What you need to do
Leave out the pictures, and quote exactly the lines running from the one with "JorgeConD's tweet photo." through the last line of the entries below.

--- Records to process Enclosed Below ---

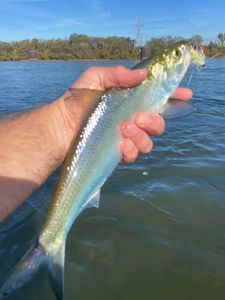 A single fishing rod with a line cast into the water in Tennessee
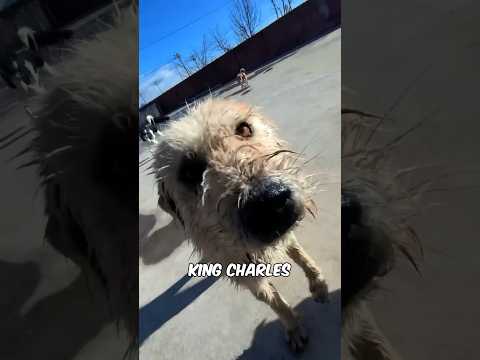 The End of King Charles💔🥲: The Alpha Dog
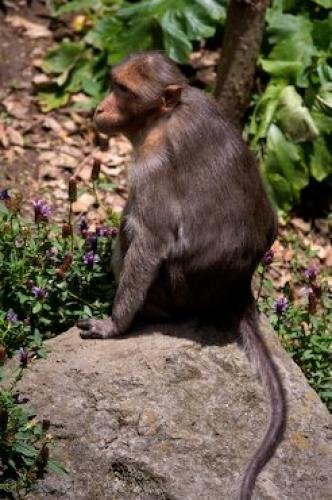 Photo: 
Bonnet Macaque Monkey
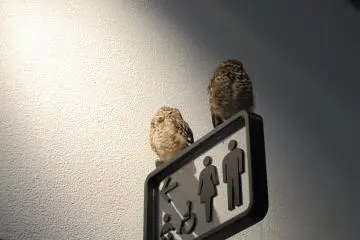 Owls love the washroom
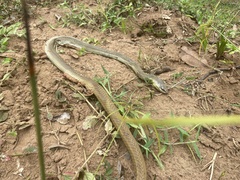 Psammophis mossambicus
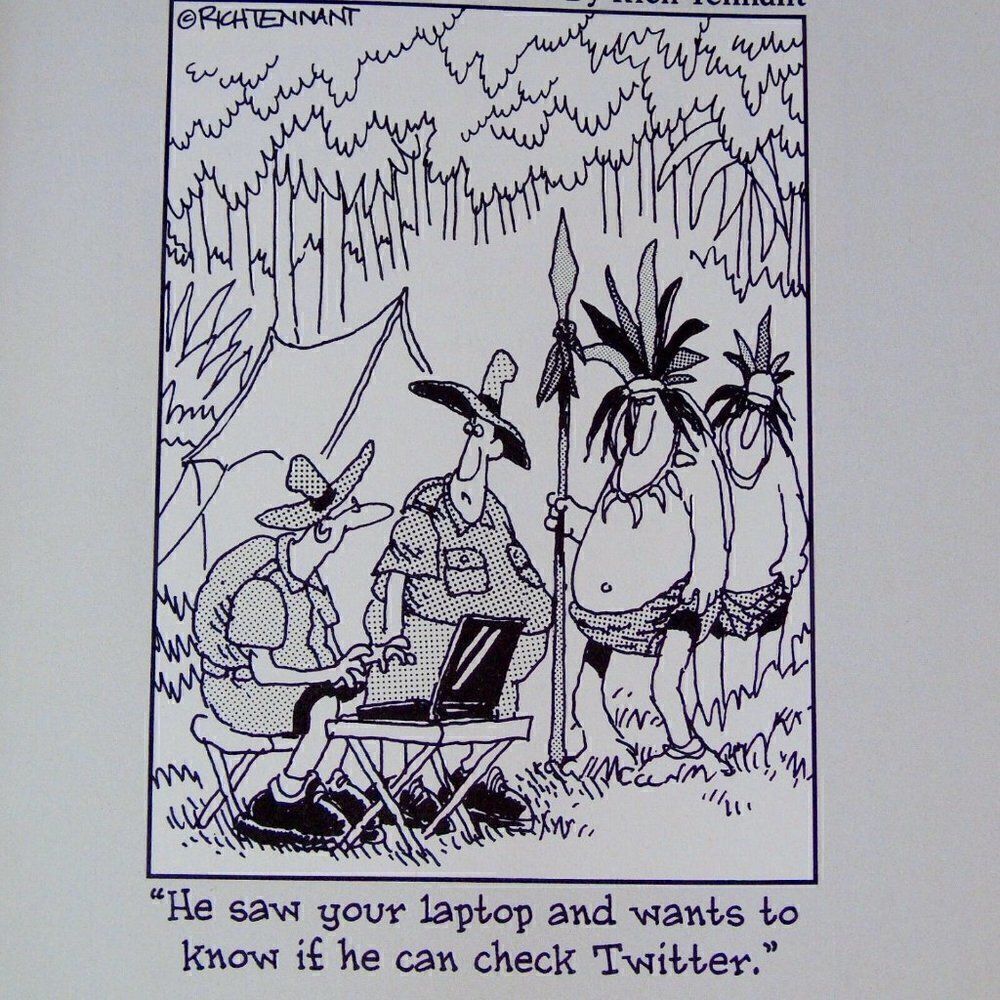 Book Bundle Twitter for Dummies  Advertising - Picture 5 of 9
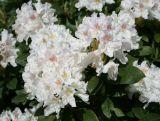 Różanecznik 'Rhododendron' Cunningham's White  Donica 1,5L
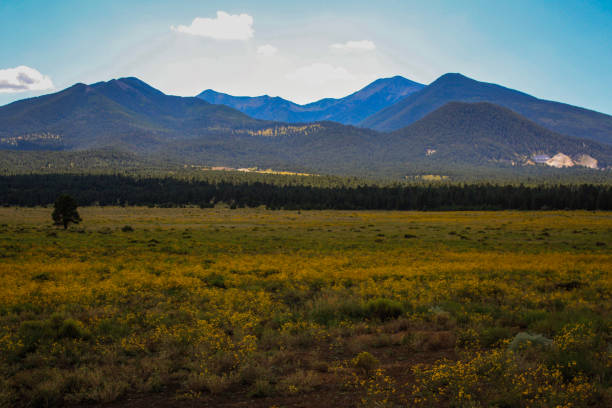 istock Sunset Crater Volcano National Monument - Arizona 914684150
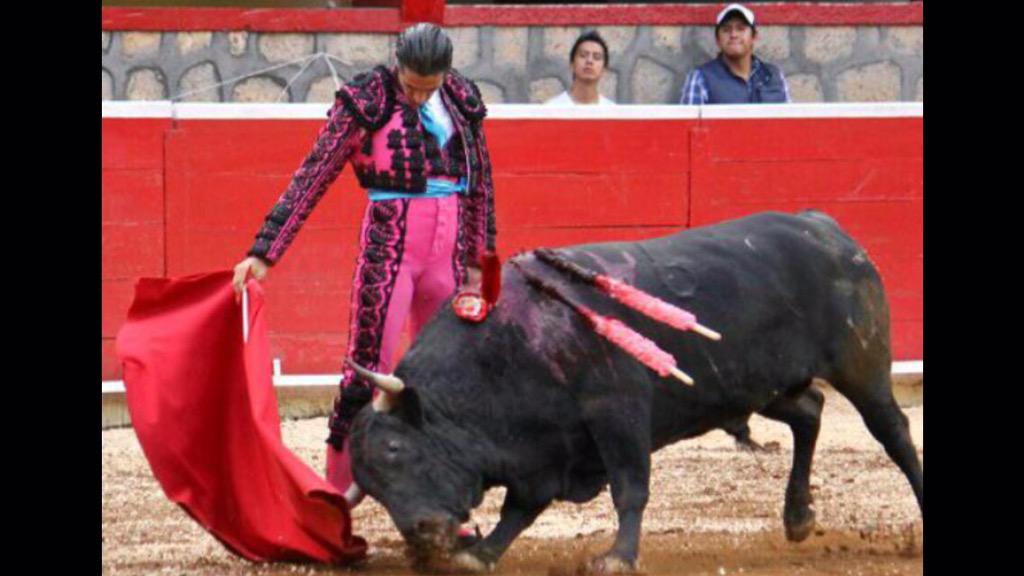 JorgeConD's tweet photo. Me hubiera encantado verlo en Morelia (México)..Q bien q torea @JavierCondeB Viva!!!
CC @EstrellaMorente @RosasRegi http://t.co/8GfL4gqkZd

--- End of Enclosed Records to process ---

Answer space
 JorgeConD's tweet photo. Me hubiera encantado verlo en Morelia (México)..Q bien q torea @JavierCondeB Viva!!!
CC @EstrellaMorente @RosasRegi http://t.co/8GfL4gqkZd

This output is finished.